■ Supplied data:

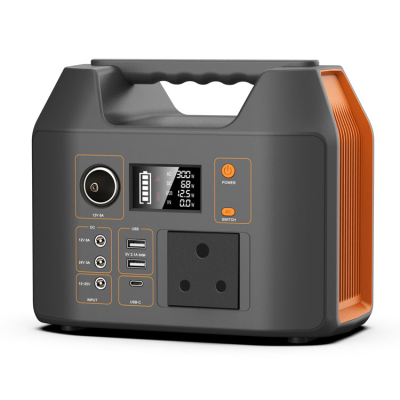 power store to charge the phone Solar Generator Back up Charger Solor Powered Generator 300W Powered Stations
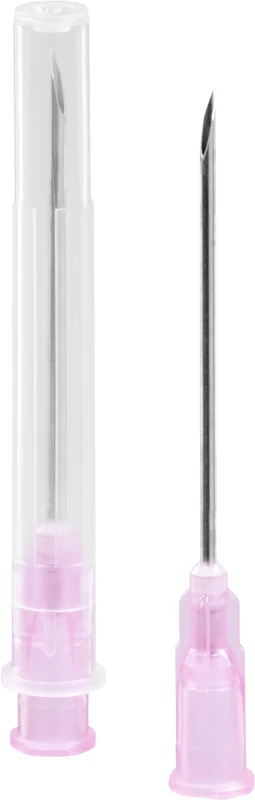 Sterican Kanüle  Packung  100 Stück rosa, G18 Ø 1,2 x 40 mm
--
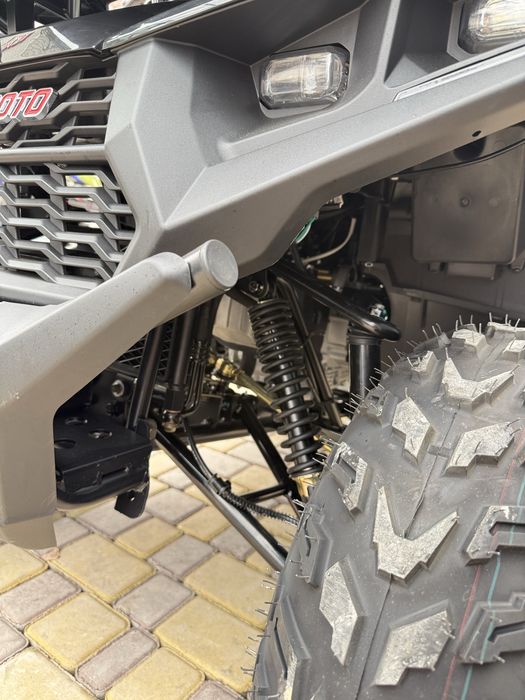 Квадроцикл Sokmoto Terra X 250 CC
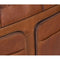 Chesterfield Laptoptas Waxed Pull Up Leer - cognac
* * *
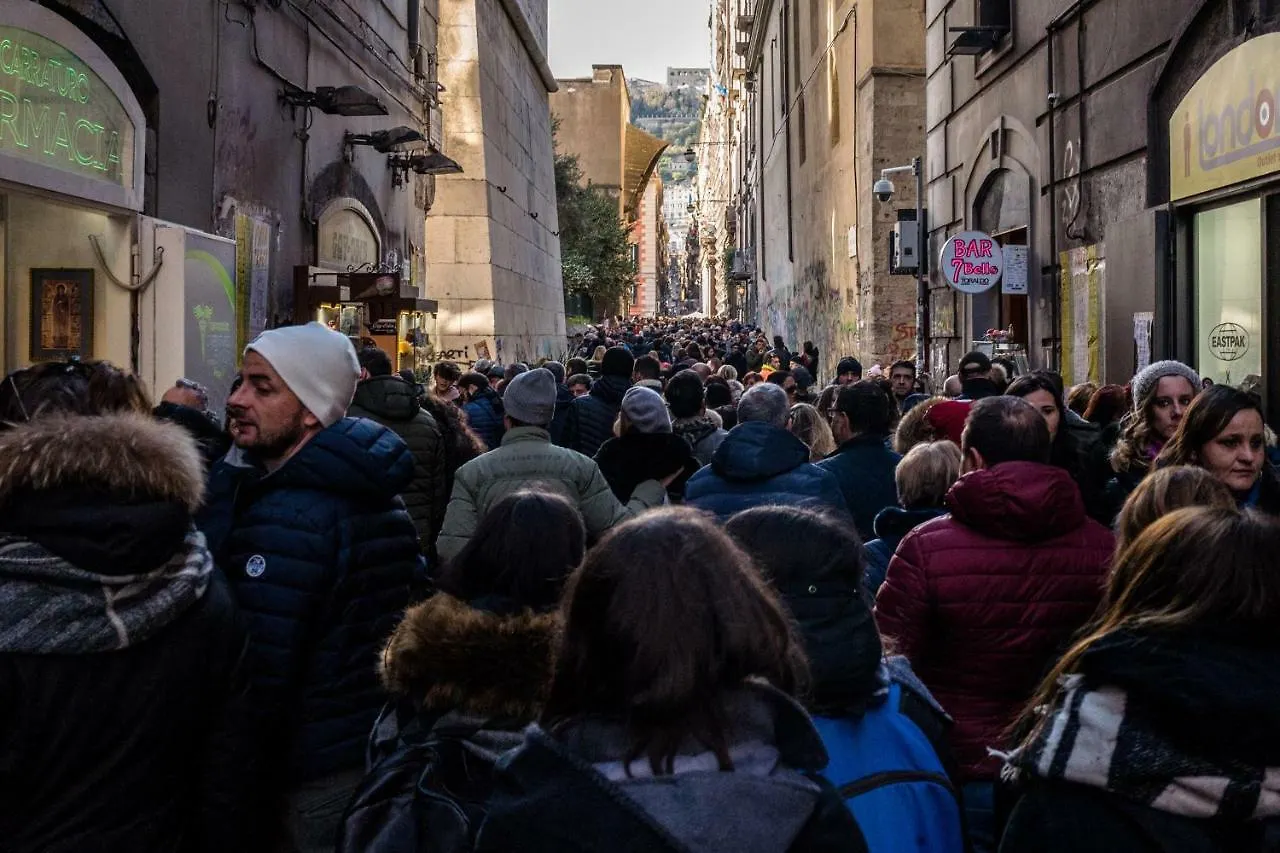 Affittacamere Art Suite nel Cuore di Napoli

■ Task directions: Please copy the lines above exactly, starting at the line that holds "power store to" and ending at the line that holds "1,2 x 40 mm"; include both, but no pictures.

■ Response:
 power store to charge the phone Solar Generator Back up Charger Solor Powered Generator 300W Powered Stations
 Sterican Kanüle  Packung  100 Stück rosa, G18 Ø 1,2 x 40 mm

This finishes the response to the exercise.